**Your assignment:**
Please return the data that follows precisely as written, but without the images.

[Data — start]

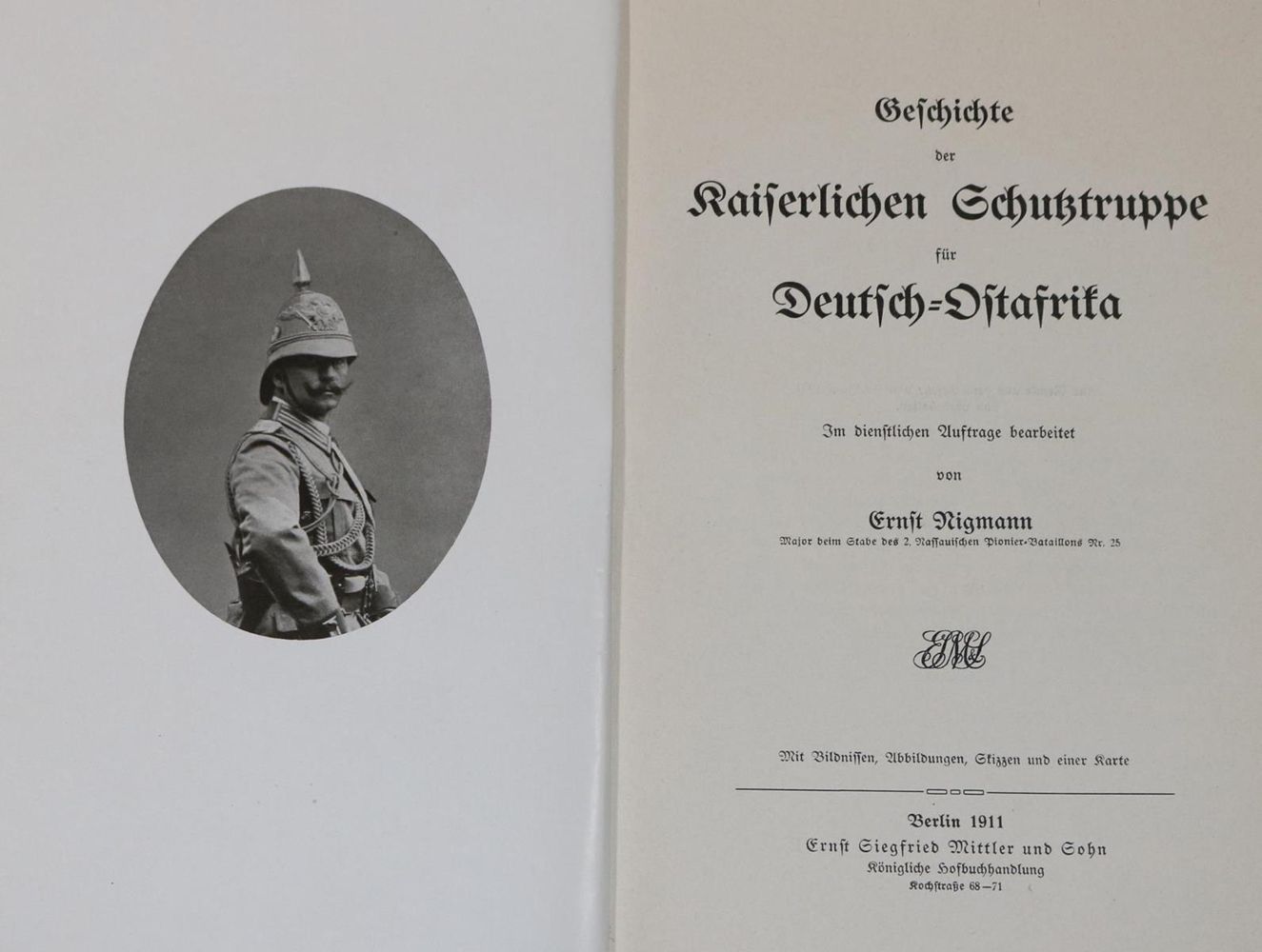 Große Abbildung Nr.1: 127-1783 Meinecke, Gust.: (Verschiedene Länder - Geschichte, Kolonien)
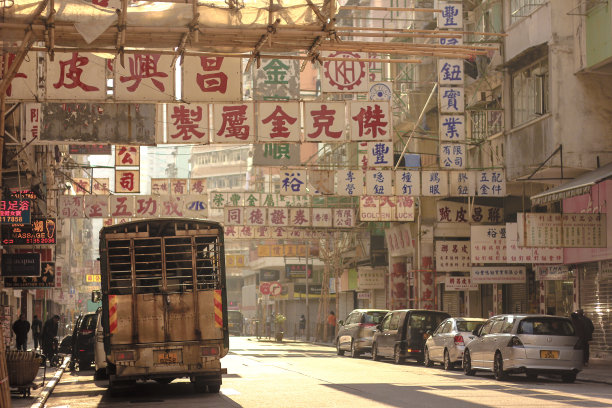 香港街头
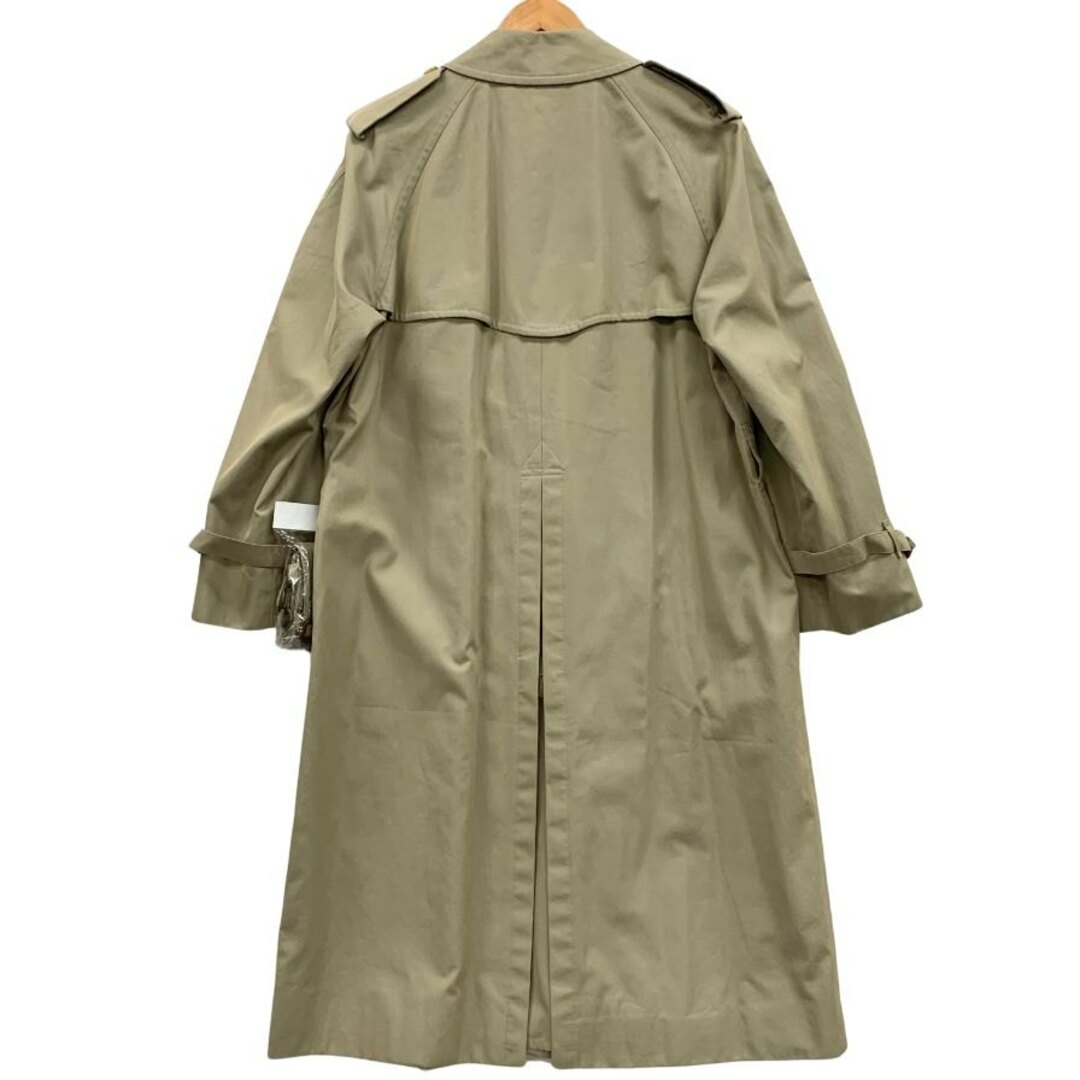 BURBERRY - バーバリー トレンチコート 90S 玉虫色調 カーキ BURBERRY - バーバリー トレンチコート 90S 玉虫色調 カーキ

[Data — finish]

**Written solution:**
 Große Abbildung Nr.1: 127-1783 Meinecke, Gust.: (Verschiedene Länder - Geschichte, Kolonien)
 香港街头
 BURBERRY - バーバリー トレンチコート 90S 玉虫色調 カーキ BURBERRY - バーバリー トレンチコート 90S 玉虫色調 カーキ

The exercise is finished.